HOLST: The Planets, Op. 32; Marching Song, Op. 22, No. 2; VAUGHAN WILLIAMS: Symphony No. 4 in F Minor – London Symphony Orchestra/ Gustav Holst/ BBC Symphony Orchestra/ Ralph Vaughan Williams – Naxos Historical

by | Aug 10, 2006 | Classical Reissue Reviews | 0 comments

HOLST: The Planets, Op. 32; Marching Song, Op. 22, No. 2; VAUGHAN WILLIAMS: Symphony No. 4 in F Minor – London Symphony Orchestra/ Gustav Holst/ BBC Symphony Orchestra/ Ralph Vaughan Williams

Naxos Historical 8.111048, 75:40 ****:

Gustav Holst’s daughter Imogen described her father’s conducting technique as clear, unfussy, and economical. “Brimful of nervous energy,” she added. “He cared for each note with a fiery intensity.”  Holst recorded his popular suite The Planets between June and October 1926, using the last session to inscribe his little Marching Song, Op. 22. A tight-lipped, martial piece of seriousness, Marching Song might have served Errol Flynn in The Master of Ballantrae. Holst’s tempos are generally quick, the delivery rather literal; but the performances do not lack for interior color and vibrancy. Venus, after the martial Mars, enjoys a lovely transparency of sound; so does the harp part that opens Mercury.

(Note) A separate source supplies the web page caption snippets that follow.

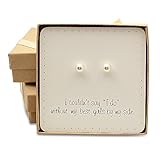 Bridesmaid Gifts & Gift Sets - Classy Round Pearl Earrings (8mm, simulated pearl), Set of 2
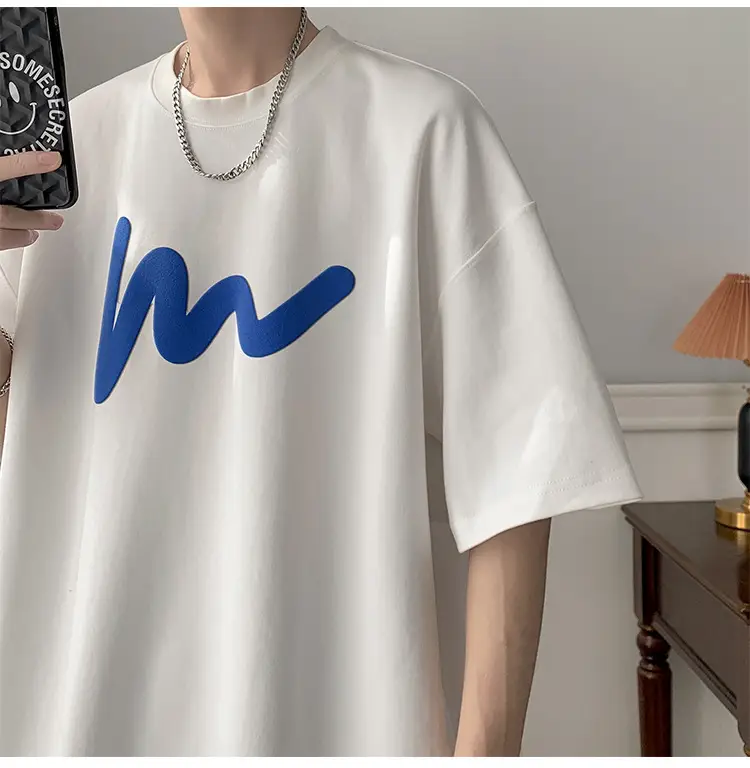 Blue Graphic T-Shirt Loose Fit Summer 2023 — feature 15
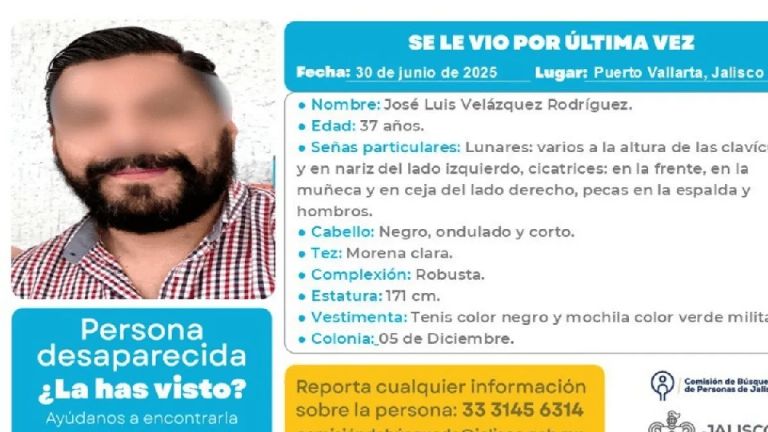 Fiscalía de Jalisco Hallan muerto a funcionario de SEAPAL desaparecido en Puerto Vallarta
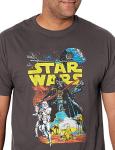 STAR WARS Men's Galactic Battle T-Shirt - Charcoal - Medium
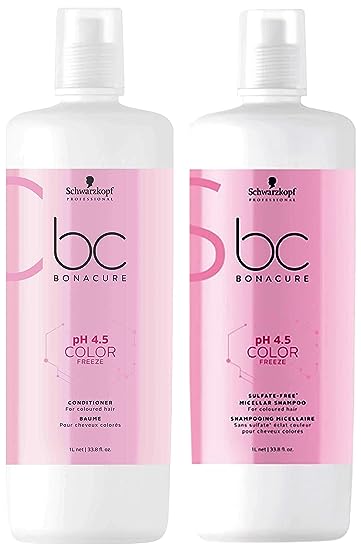 Schwarzkopf Professional Bonacure Ph4.5 Color Freeze Shampoo | For Colored Hair | 1000 Ml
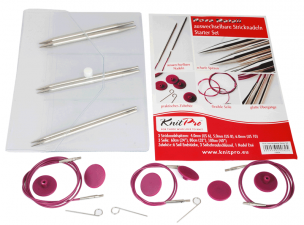 Nova Metal Interchangeable Needle Set :: Starter Knitpro KP10604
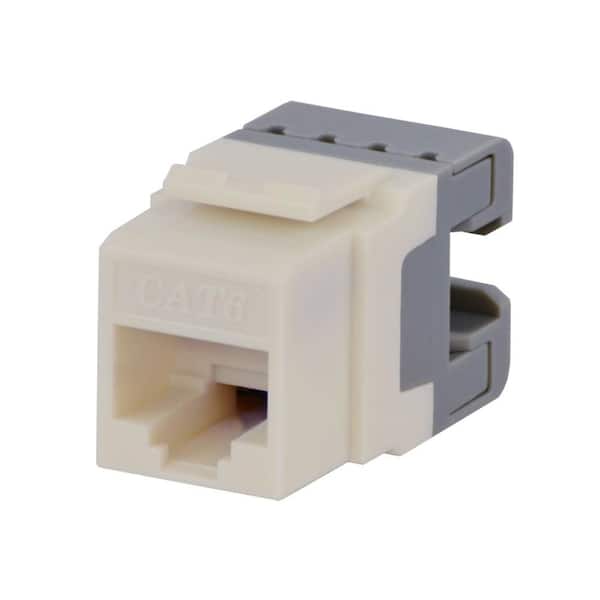 CE TECH Category 6 Jack - Light Almond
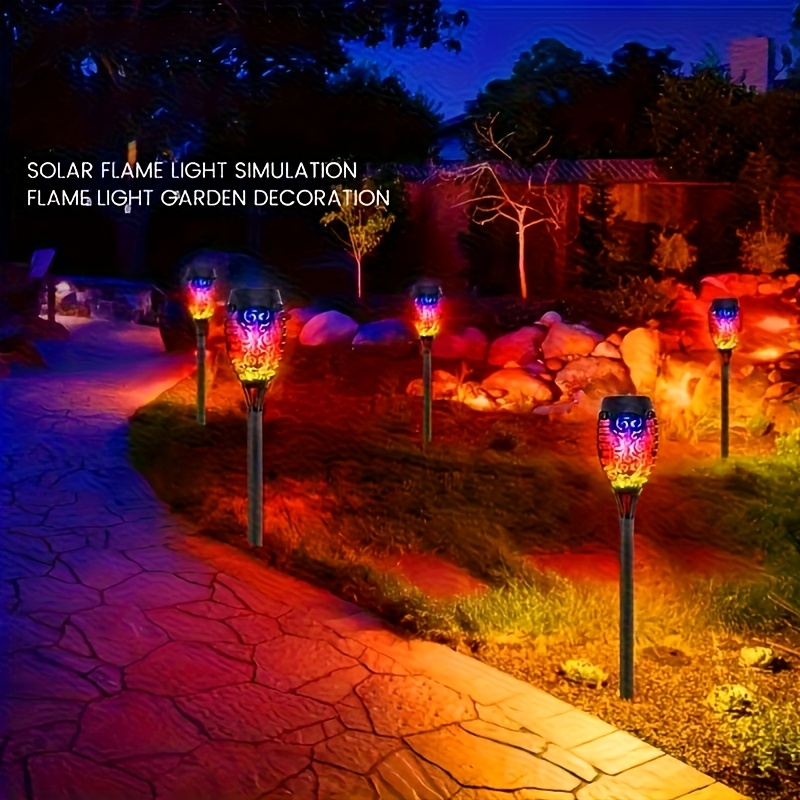 Of Solar Flame Lights - Led Torch Lights With Intelligent Automatic - Very Suitable For Outdoor Gardens And Holiday Decorations, Suitable For Courtyards, , , Camping, Parties, Christmas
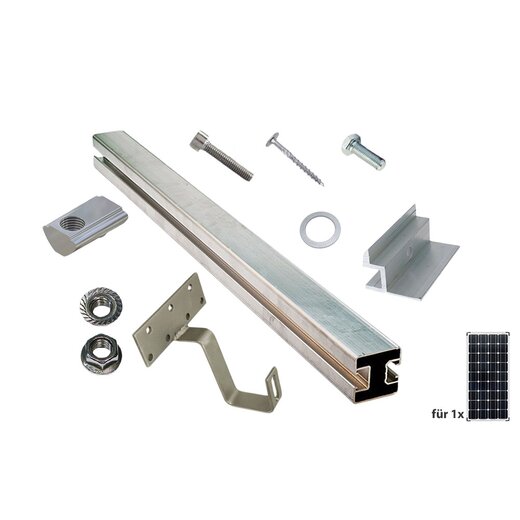 Pitched roof mounting kit for 1 panel width of 1038mm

Restoration by expert Mark Obert-Thorn has eliminated many of the pitch instabilities that haunted the prior CD incarnation from Koch. [Also known as “wow & flutter”; see Pictures at an Exhibition review…Ed.]  Listening to the scoring of Mercury, we can easily discern the influence of studies with Maurice Ravel, the careful pointillism of wind and string colors. The most-played section of the suite, Jupiter, bustles and bristles with lightning energy, a hearty pomp and rhythmic swing. The wonderful middle section, with its sense of olde England, is conducted in a plain-speaking manner, the acoustic rather dry, but rife with nobility and exaltation. The oboe tune returns all-too-soon; then a supremely muscular rendition of the opening materials. Wonderfully deep, dark colors open Saturn – a combination of harp and grumbling bass strings, a low bassoon. Even the pizzicato strings enjoy a frightful resonance. The fury of the march and its harsh dissonances becomes palpably modern, even by our own acoustic standards. The LSO horn section, the battery, and the low woodwinds achieve an acerbic pungency in Uranus. Allusions, particularly rhythmic, to Dukas? Even given a degree of swish from the antique lacquers, the musical effect is, I dare say, astronomical; the sound of the solo harp suspends itself in the cosmic ether. Finally, a shimmering version of Neptune, the harps as active as anything in a Tchaikovsky ballet. Influenced by Debussy’s Sirenes, Holst employs the wordless women’s chorus with harp accompaniment and low winds. Rather a dazzling affair, this landmark recording that itself is just two decades short of a milestone hundred years old.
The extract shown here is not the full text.